Chaque jeu de l'orgue a été personnalisé et traité de telle sorte que
le tutti soit un ensemble homogène et cohérent, soutenu par des jeux de
32' (fonds et anche).
Ce travail a duré plus d'un an et a été entièrement réalisé sur place.
Il est nécessaire de noter que tous les aspects des méthodes de travail
de la facture d'orgues traditionnelle ont été exploités pour mener à
bien cette réalisation, ainsi que des techniques plus contemporaines
faisant appel entre autres à l'électronique. Michel Gaillard a voulu
réaliser à Forbach un instrument européen : situé au cœur de
l'Eurorégion Sarre-Lorraine-Luxembourg (SarLorLux), à dix kilomètres de
Sarrebruck (Allemagne), c'est un orgue allemand qui aime la France et
un orgue français qui aime l'Allemagne, la présence des chamades
faisant un clin d'œil à l'Espagne. Très maniable, on peut y jouer un
vaste répertoire allant de la musique ancienne à la musique
contemporaine, en passant par l'improvisation : c'est un orgue
résolument tourné vers le XXIe siècle.
On peut assimiler cette opération à une création : en effet, chaque
élément a été refaçonné et transformé artisanalement, faisant
maintenant de l'orgue de Forbach un des plus importants et des plus
intéressants de l'Eurorégion Sarre-Lorraine-Luxembourg.

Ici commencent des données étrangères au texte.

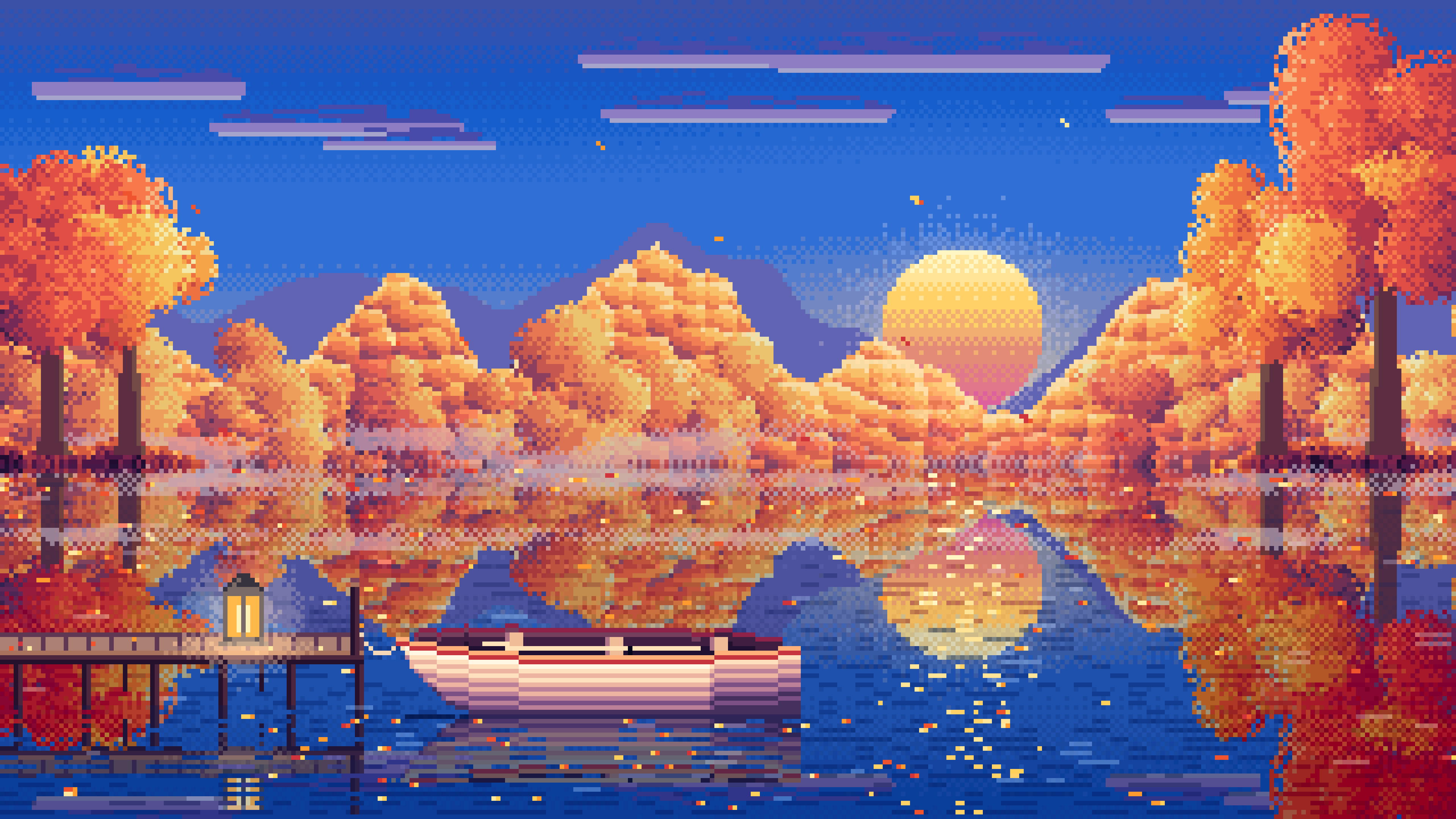 Blue Pixel Art Fall Lake Rowboat desktop wallpaper in 4K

L'orgue de Forbach est en quelque sorte l'idéal sonore et technique de
la manufacture d'orgues Courtefontaine : un cachet musical artisanal et
typé côtoyant une ouverture technologique facilitant son utilisation.
Ce travail illustre fidèlement l'aboutissement du savoir-faire de
Bernard Aubertin, qu'il a transmis à Michel Gaillard, et s'exprime dans
une esthétique très éloignée et pourtant complémentaire de la sienne.
Ces travaux, commencés en 1998 par la manufacture de l'orgues Bernard
Aubertin, furent terminés en l'an 2000. La bénédiction de l'orgue fut
célébrée le 15 octobre par Monseigneur Pierre Raffin, évêque de Metz et
un concert d'inauguration fut donné par l'organiste Philippe Delacour
et le choeur franco allemand dirigé par Alfred Schmidt.